Jayson curls up next to me on the couch for a last cuddle session before he has to get home and spend some time with his own family. “I hate to leave you here alone,” he says glumly.

“Don’t worry about it, babe. Professor Schwartz’s internship application is here to keep me company. I’ll be glad when I can ship it off. I want to begin the New Year with a clean slate.”

He kisses my temple, and I nestle deeper into the crook of his arm. “Try not to let morning catch you before you get some sleep. I know how you can get, and you do have to get some rest.”

“I’ll try,” I promise.

He leaves around eight in the evening. The clock above the stove reads after midnight as I put the finishing touches on the project for the internship. I step back with hands on my hips, staring at the miniature room. Rather than choosing a residential layout, I opted for an office lobby so I could include an exterior view, complete with wading pool and ornamental garden. Along with the application, I email the plans for the space and photos of the finished product before crating up the whole shadowbox to ship off tomorrow to whatever committee will decide my internship fate.
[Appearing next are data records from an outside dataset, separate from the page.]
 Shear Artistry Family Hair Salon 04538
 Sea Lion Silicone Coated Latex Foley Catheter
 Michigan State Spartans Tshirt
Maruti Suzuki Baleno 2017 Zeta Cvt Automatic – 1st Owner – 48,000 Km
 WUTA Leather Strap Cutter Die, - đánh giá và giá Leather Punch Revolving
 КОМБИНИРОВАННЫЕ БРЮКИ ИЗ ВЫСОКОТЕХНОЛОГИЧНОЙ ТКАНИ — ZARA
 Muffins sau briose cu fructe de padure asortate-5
One last email goes to Professor Schwartz, thanking her for her support. For a while there, I was terrified I wouldn’t get things in on time because I had a late start, but it turns out the anxiety drove me to create my best interior design yet.

“Look at that,” I muse, glancing at the dark window. “In bed before the sun comes up.”

A
lot happens
in the week of vacation left following the dramatic disagreement with my mother. I chat with Grace a few days later about what happened, and she offers unyielding emotional support, while gushing about how wonderful things are between her and Castiel. It’s a bright spot in a row of so-so days.
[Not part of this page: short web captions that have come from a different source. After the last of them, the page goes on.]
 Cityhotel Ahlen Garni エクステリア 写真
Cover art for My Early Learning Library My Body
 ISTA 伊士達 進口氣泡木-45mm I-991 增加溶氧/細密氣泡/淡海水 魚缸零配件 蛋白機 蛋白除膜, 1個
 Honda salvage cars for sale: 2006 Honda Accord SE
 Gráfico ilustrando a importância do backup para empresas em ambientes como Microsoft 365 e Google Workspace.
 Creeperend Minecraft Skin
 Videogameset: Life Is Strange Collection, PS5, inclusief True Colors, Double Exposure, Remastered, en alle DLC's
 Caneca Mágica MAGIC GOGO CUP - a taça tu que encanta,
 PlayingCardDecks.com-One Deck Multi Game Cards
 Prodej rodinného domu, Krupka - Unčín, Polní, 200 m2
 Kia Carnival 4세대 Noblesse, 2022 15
“I’m glad I meddled in your affairs. I knew Castiel was into you, and you’re a terrible liar, Grace. I knew you had the hots for him. Of all the Zephyr brothers, Castiel is the biggest barrel of laughs, and you love a guy with a great sense of humor. So, when are you coming home? I mean back to San Francisco. I guess you’re already home,” I laugh.
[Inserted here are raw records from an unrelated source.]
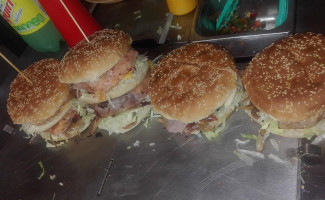 Hamburguesas Y Hot Dog Estilo Sinaloa food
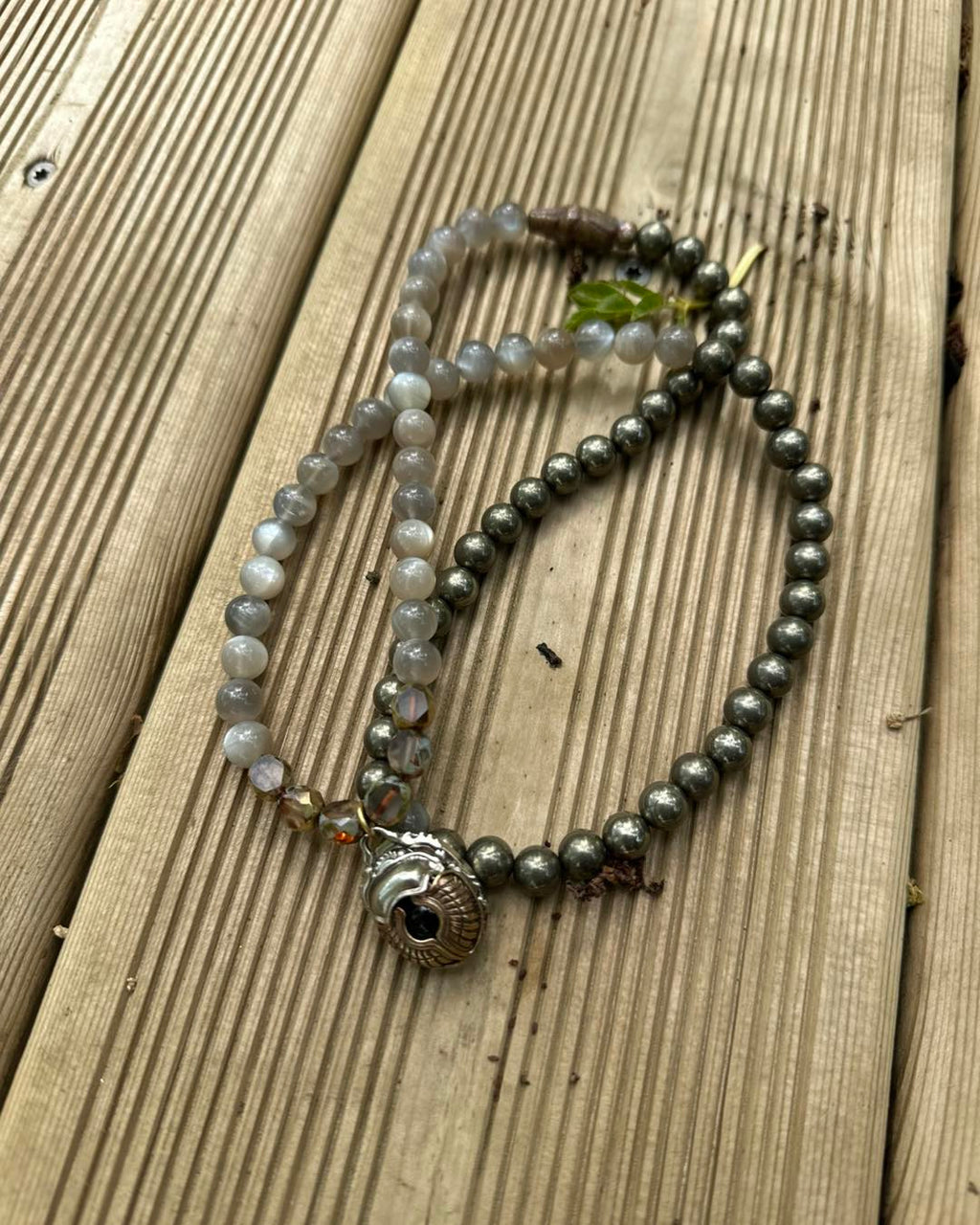 Collier Les Prêtresses du Nil - Héritage d'Isis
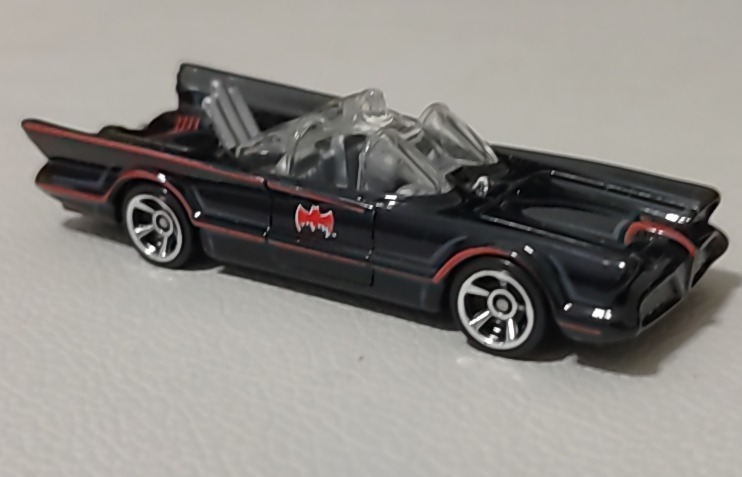 TV Series Batmobile Batman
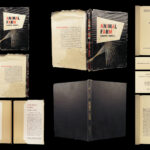 Animal Farm – George Orwell – 1946 | First U.S. Edition, Original Jacket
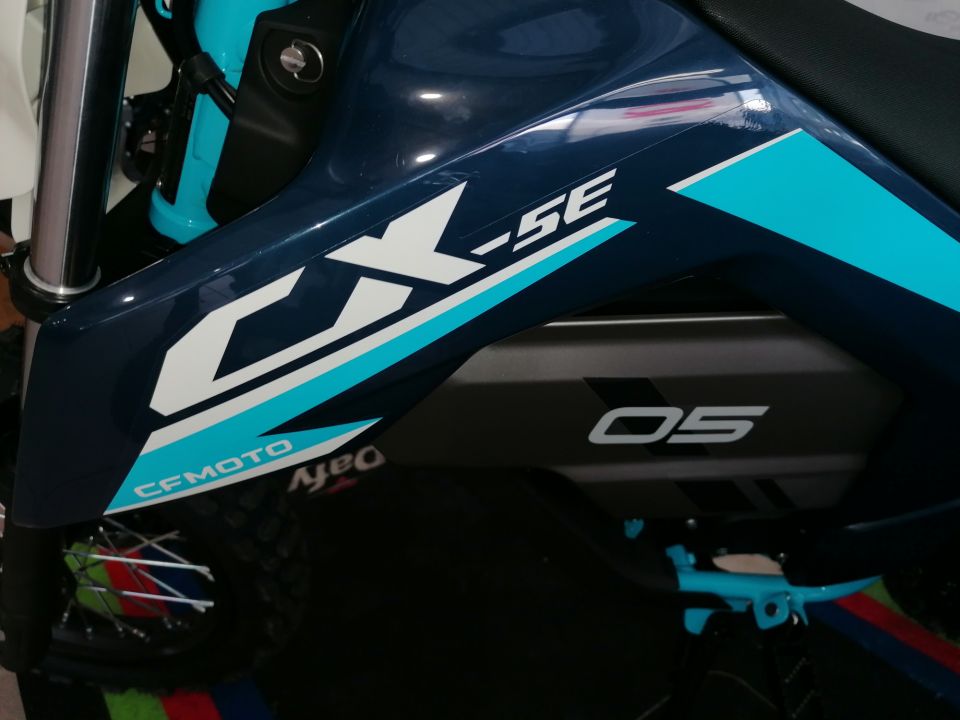CF MOTO cf moto cx-2e 4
Grace answers, “I’ll be back in time for school. I’d fly in sooner, but you know plane ticket prices soar around New Year’s. Plus, bad weather.”

I scowl at the window. “I know. It’s snowing over here right now. Jayson was coming over, but I told him not to risk it. This
us against the world
crap can get mighty lonely when it’s just me.”

“Aww, homie. I’ll be there to keep you company in no time,” Grace consoles me.

“Don’t mind my whining. All in all, things could be worse. What if he were the type to throw in the towel at the first sign of trouble? Granted, after the confrontation with Candace he did try to tell me we don’t belong together because he has a past.”

“What kind of past?”

“I told him we all have a past. He feels his background in contrast to my background puts us on uneven footing with me getting the short end of the stick. Personally, Grace, he’s in a much better position than a lot of guys his age, despite his humble beginnings. But during the short time we were actually welcome at the party, I cringed every time someone asked him what he does for a living.”

“What the heck for? It’s not like he works at a fast food restaurant or something, and even if he did, it’s a living.”

“I know, I know. I know how it sounds, but I am a product of my environment, too. Intrinsically, I’m aware that whether Jayson is a doctor or a small business owner, he’s still the same great guy. That doesn’t change the fact I wished he could shut ‘em all down and say, ‘Oh, I found the cure to every known cancer’ or something. The bottom line is Mother’s circle of friends have a hard time valuing anyone who isn’t on their socioeconomic level.”

“I have a feeling Jayson’s not bothered by that and neither should you be. My psychic senses tell me you need to do some soul searching if you’re worried about being a product of your environment, as you say. How is that going to affect your relationship with him?”